EXERCISE: Find all lines in the records that include the word "Accessories", and copy them out.

(Beginning of DATA LISTING)

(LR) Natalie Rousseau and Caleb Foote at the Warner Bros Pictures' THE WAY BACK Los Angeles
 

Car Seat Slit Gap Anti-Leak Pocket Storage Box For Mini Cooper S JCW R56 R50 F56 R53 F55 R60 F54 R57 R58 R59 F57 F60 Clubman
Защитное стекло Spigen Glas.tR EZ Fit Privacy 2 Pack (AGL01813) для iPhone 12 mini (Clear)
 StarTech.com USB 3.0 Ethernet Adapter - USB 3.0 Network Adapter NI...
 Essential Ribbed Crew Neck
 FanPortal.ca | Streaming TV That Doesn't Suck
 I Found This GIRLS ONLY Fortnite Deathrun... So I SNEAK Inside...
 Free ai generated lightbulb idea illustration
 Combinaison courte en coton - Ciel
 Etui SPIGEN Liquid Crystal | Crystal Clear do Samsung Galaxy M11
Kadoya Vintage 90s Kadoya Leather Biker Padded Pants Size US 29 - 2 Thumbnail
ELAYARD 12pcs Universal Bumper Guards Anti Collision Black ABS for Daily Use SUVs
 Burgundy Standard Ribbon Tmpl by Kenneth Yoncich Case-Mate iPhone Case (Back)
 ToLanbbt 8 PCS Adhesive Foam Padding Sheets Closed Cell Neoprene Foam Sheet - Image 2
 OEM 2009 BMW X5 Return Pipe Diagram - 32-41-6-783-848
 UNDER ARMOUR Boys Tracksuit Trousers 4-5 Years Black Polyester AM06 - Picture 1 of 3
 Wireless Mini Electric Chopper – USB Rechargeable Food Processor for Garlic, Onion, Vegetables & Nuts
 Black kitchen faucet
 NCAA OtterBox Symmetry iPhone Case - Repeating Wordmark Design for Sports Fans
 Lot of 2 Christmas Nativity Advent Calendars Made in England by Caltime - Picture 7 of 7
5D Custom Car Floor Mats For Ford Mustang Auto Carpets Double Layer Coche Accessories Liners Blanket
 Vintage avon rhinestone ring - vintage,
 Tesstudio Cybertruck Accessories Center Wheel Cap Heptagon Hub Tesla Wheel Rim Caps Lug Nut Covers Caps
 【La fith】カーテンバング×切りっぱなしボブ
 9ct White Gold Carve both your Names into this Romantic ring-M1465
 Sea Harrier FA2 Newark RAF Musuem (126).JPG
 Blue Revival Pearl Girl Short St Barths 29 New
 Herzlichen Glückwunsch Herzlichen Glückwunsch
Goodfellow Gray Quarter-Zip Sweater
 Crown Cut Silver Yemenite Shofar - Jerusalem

(End of DATA LISTING)

ANSWER TO THIS EXERCISE:
5D Custom Car Floor Mats For Ford Mustang Auto Carpets Double Layer Coche Accessories Liners Blanket
 Tesstudio Cybertruck Accessories Center Wheel Cap Heptagon Hub Tesla Wheel Rim Caps Lug Nut Covers Caps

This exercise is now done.